Assigned task
Produce a word-for-word copy of the data that follows, excluding images.

Data shown
☆ ☆ ☆ ☆ ☆
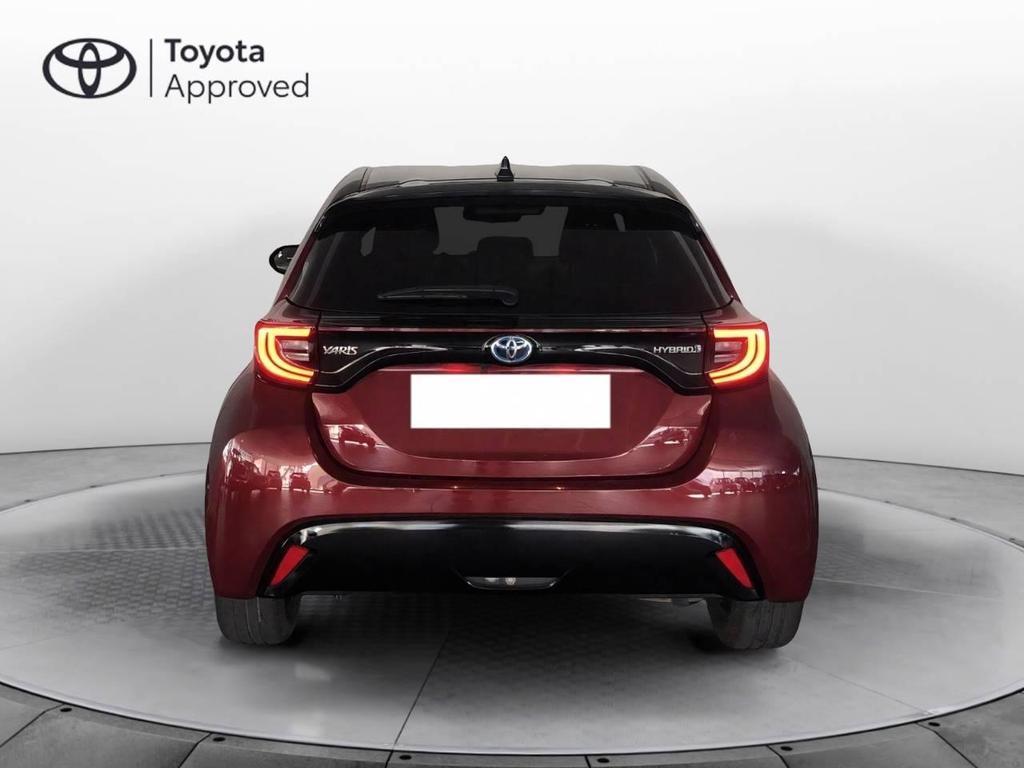 Toyota Yaris 1.5 VVT-iE Hybrid Style E-CVT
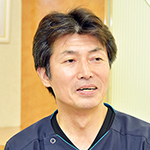 池澤 高志 理事長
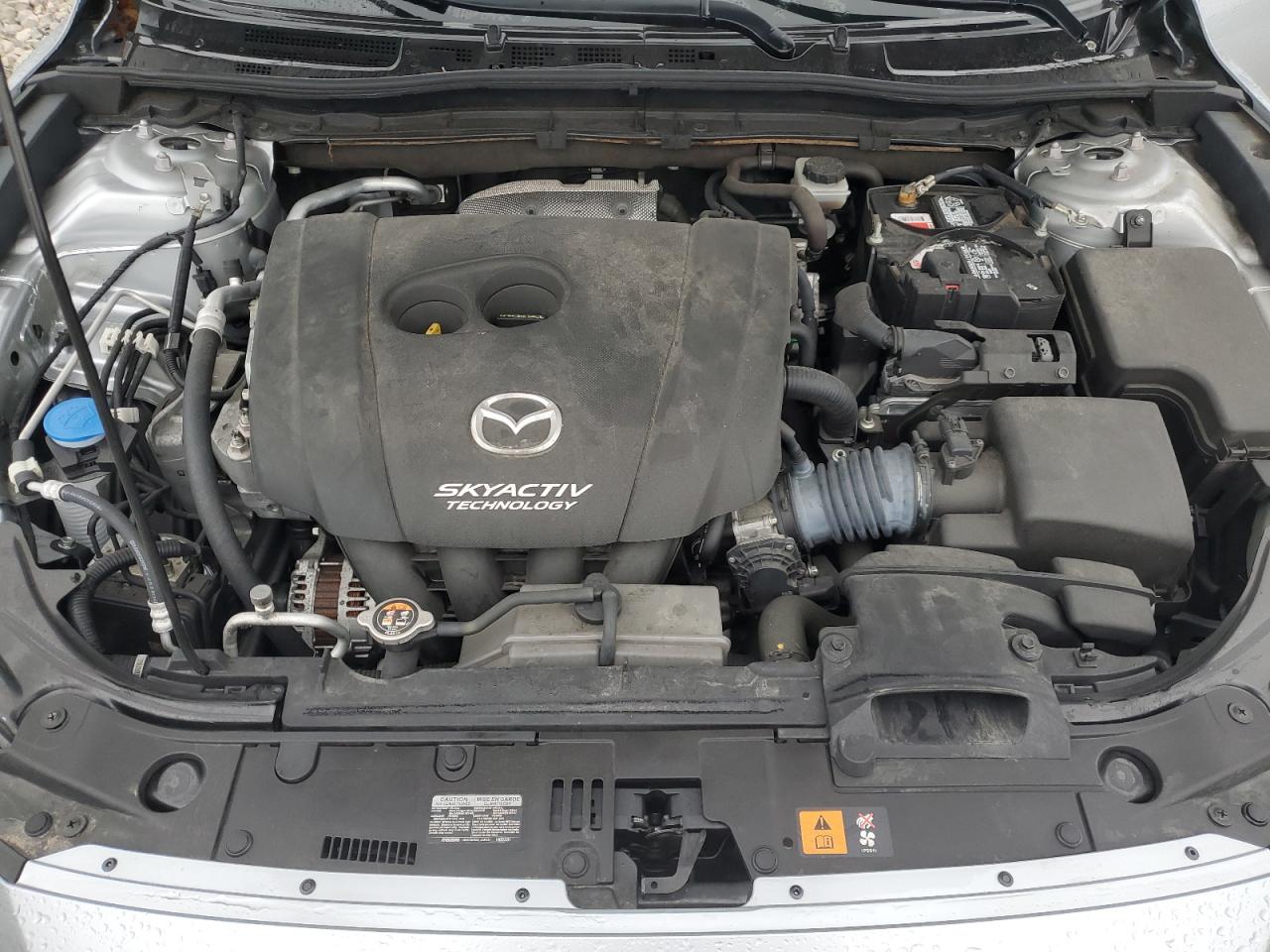 2017 Mazda 3 - Image 11
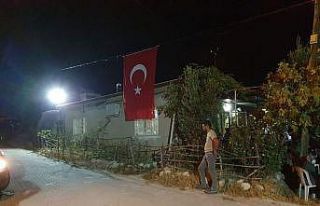Mersin’e şehit ateşi düştü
☆ ☆ ☆ ☆ ☆
Answer section
 Toyota Yaris 1.5 VVT-iE Hybrid Style E-CVT
 池澤 高志 理事長
 2017 Mazda 3 - Image 11
Mersin’e şehit ateşi düştü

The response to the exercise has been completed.